*** Listed entries ***

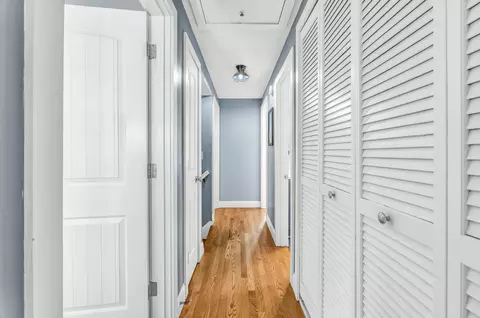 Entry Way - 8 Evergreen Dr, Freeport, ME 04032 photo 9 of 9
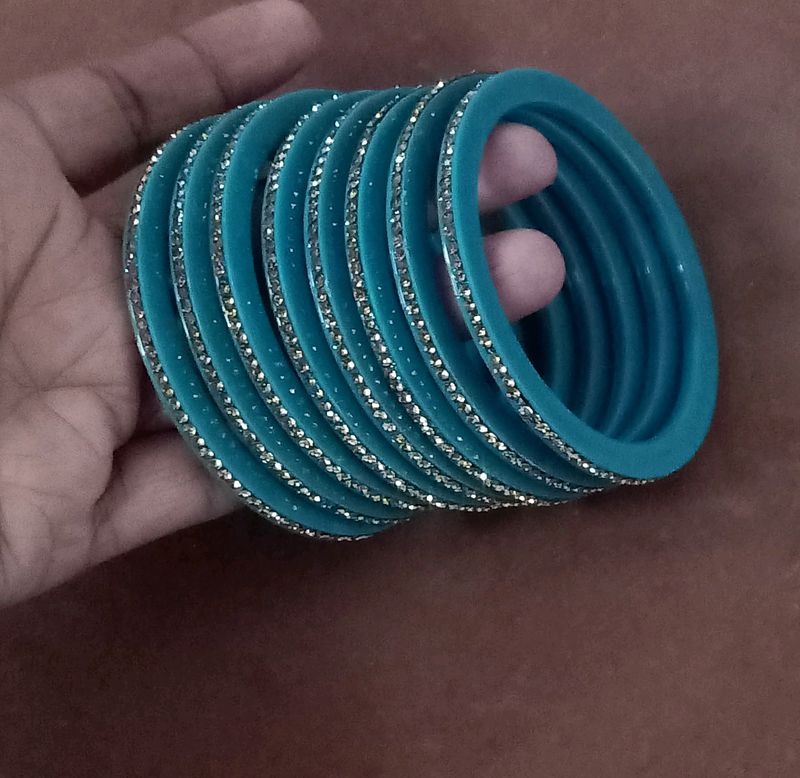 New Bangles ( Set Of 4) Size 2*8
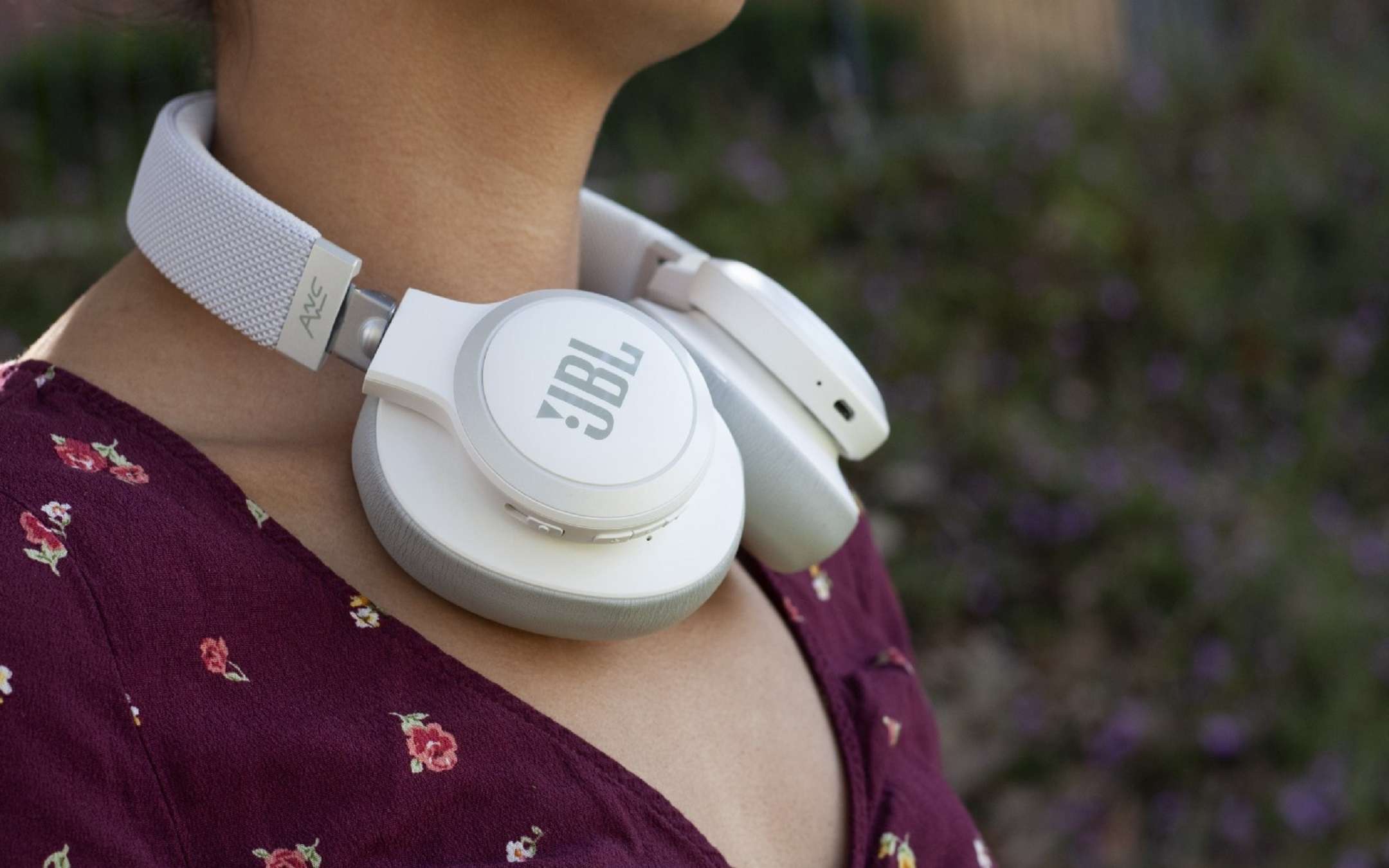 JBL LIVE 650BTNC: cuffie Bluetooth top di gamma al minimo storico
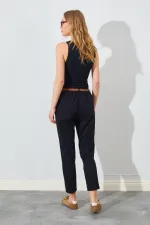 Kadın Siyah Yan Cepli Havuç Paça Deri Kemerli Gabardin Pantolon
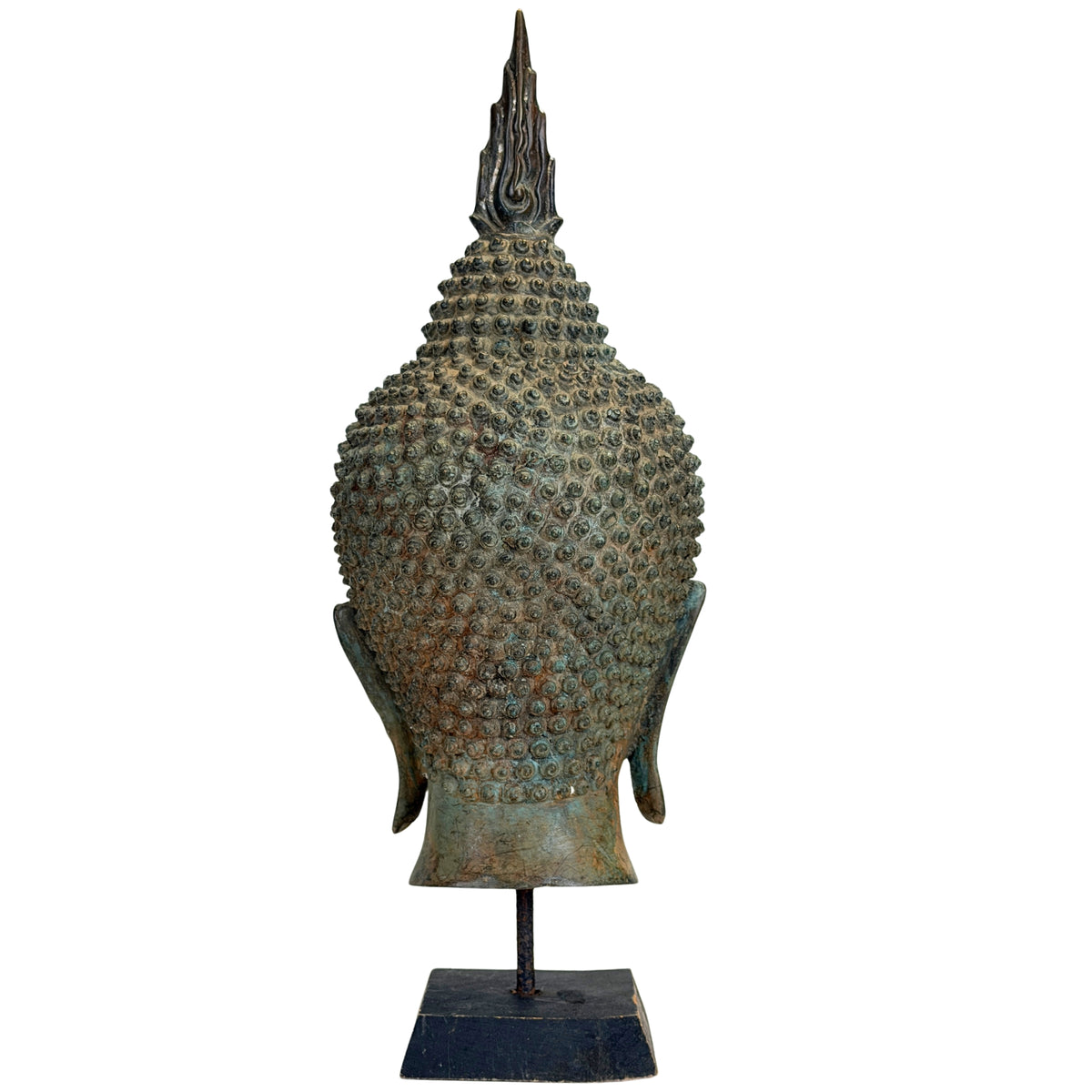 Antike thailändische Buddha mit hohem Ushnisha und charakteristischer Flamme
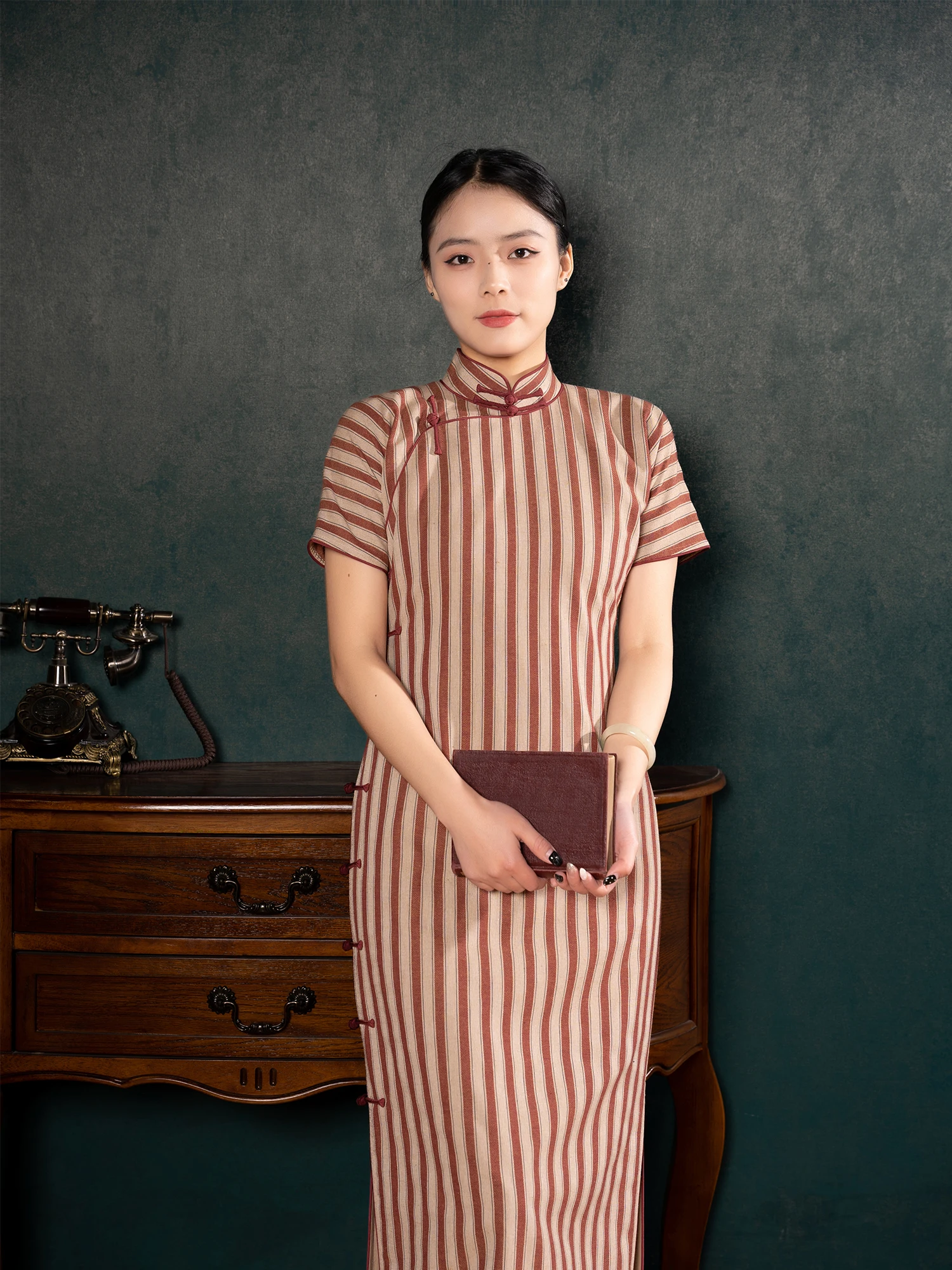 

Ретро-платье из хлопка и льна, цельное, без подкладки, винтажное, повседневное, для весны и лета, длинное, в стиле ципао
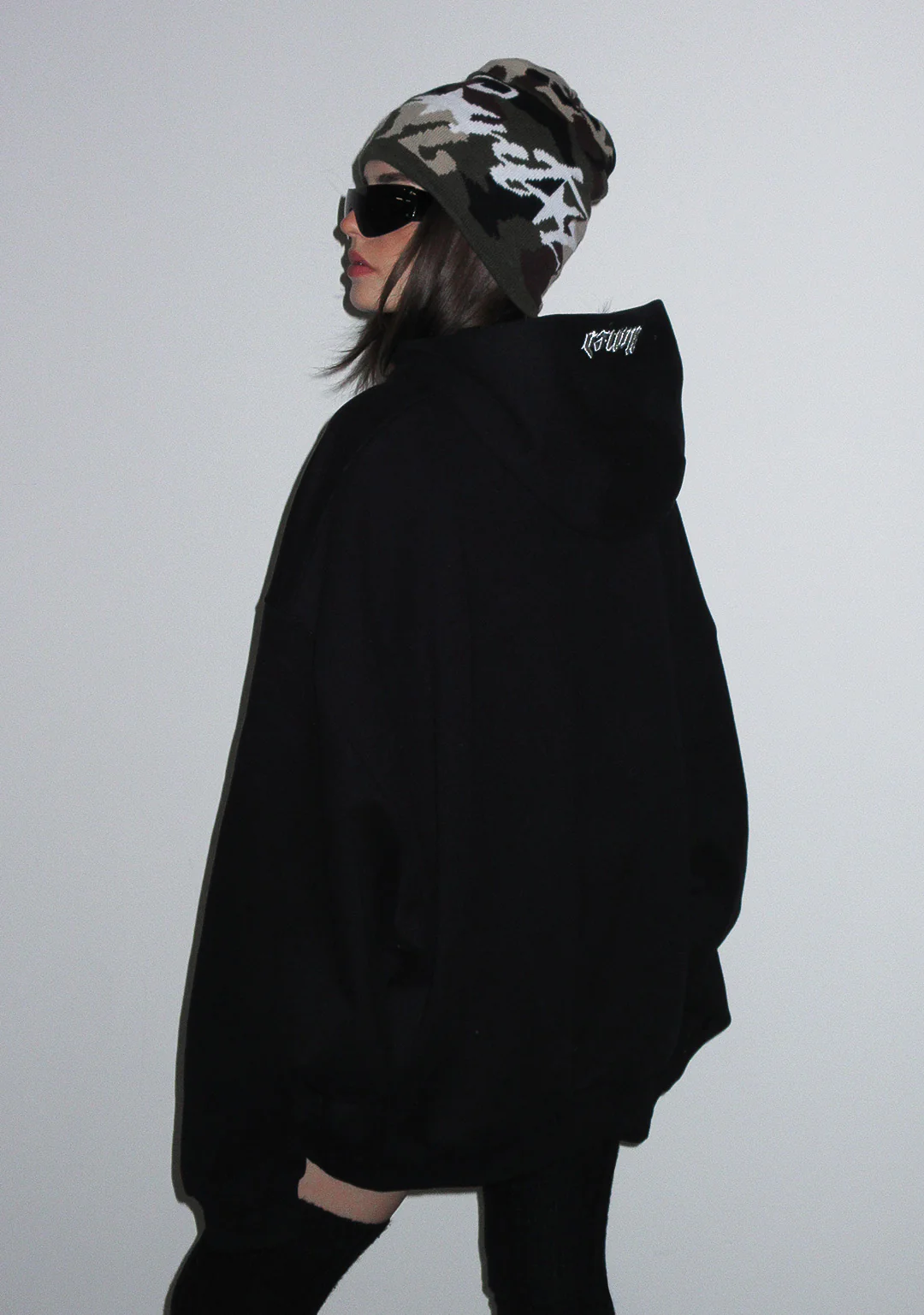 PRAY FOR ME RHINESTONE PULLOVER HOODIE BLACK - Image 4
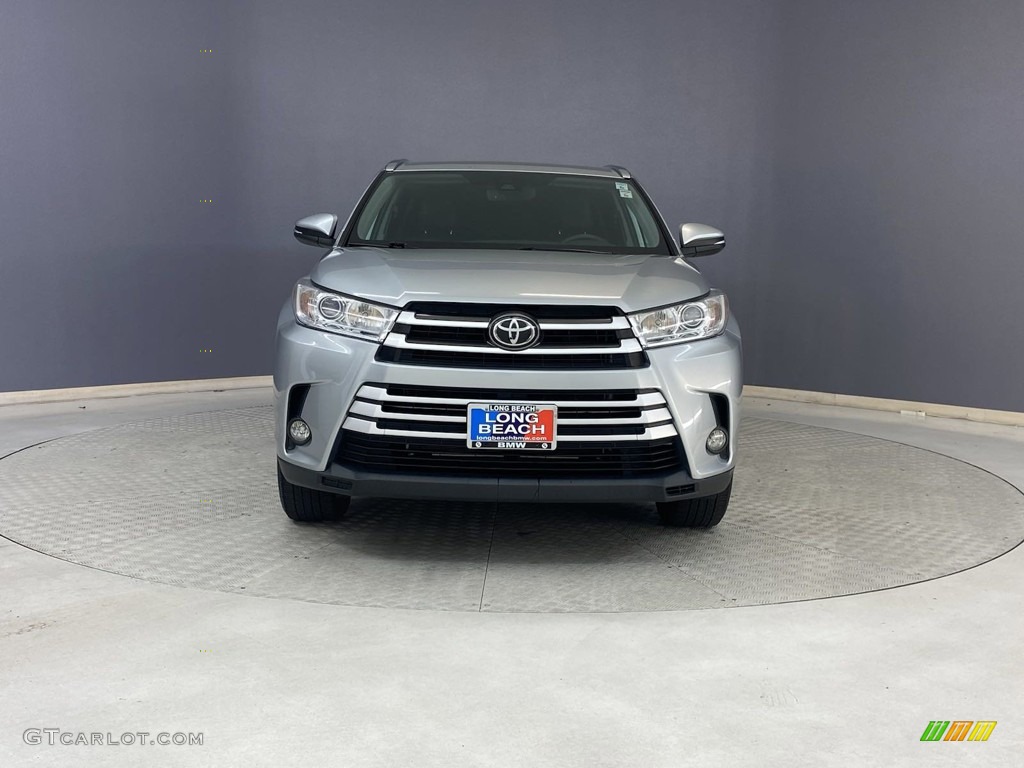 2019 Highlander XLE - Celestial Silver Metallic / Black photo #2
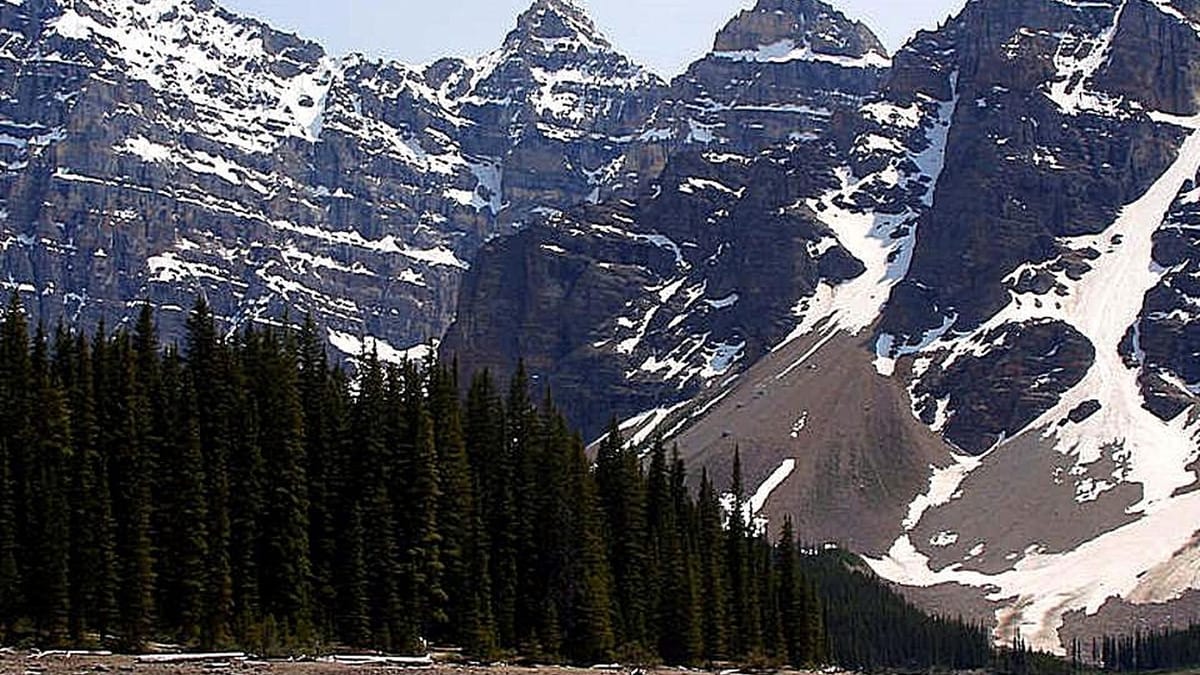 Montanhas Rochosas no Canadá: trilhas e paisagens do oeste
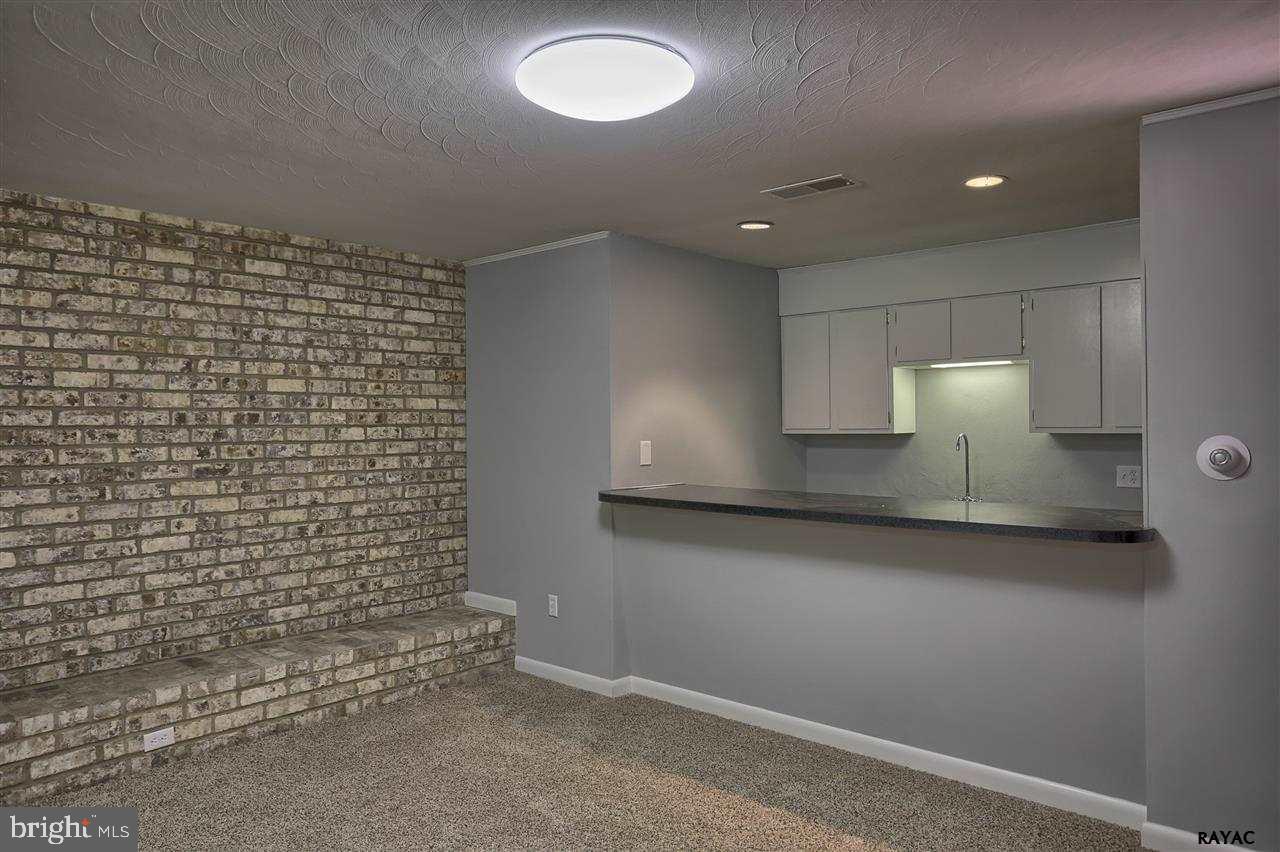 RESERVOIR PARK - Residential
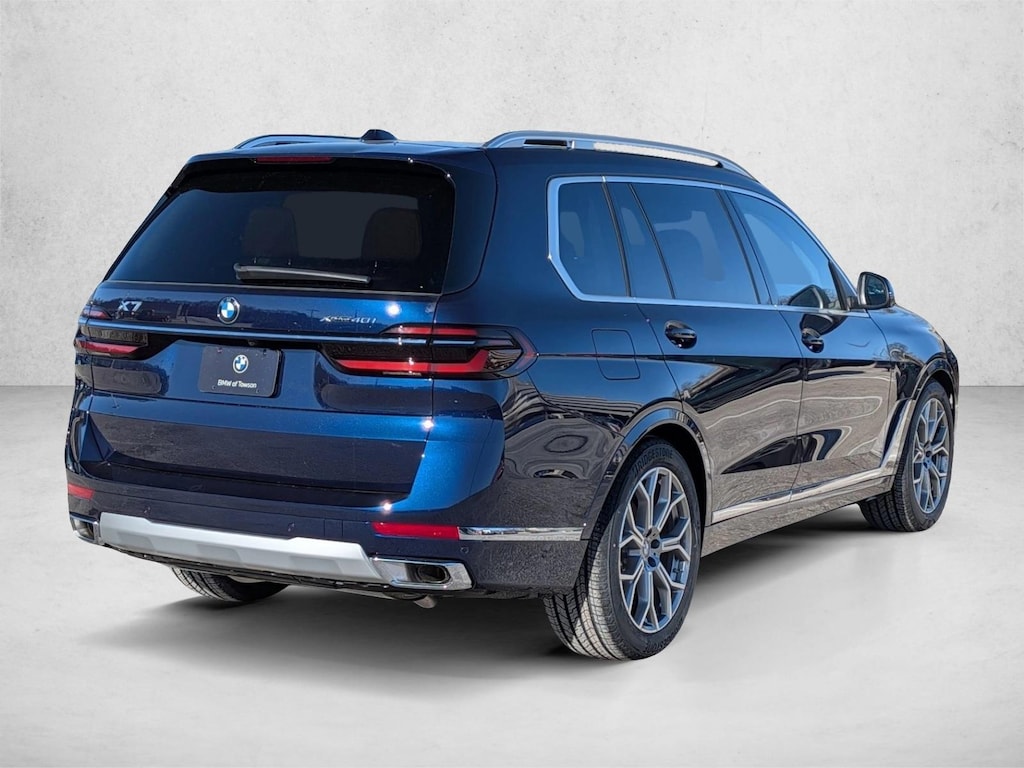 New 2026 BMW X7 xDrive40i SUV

***

The problem:
Please leave the images out and retype the rest of the material exactly.

The completed task:
 Entry Way - 8 Evergreen Dr, Freeport, ME 04032 photo 9 of 9
 New Bangles ( Set Of 4) Size 2*8
 JBL LIVE 650BTNC: cuffie Bluetooth top di gamma al minimo storico
 Kadın Siyah Yan Cepli Havuç Paça Deri Kemerli Gabardin Pantolon
 Antike thailändische Buddha mit hohem Ushnisha und charakteristischer Flamme

Ретро-платье из хлопка и льна, цельное, без подкладки, винтажное, повседневное, для весны и лета, длинное, в стиле ципао
 PRAY FOR ME RHINESTONE PULLOVER HOODIE BLACK - Image 4
 2019 Highlander XLE - Celestial Silver Metallic / Black photo #2
 Montanhas Rochosas no Canadá: trilhas e paisagens do oeste
 RESERVOIR PARK - Residential
 New 2026 BMW X7 xDrive40i SUV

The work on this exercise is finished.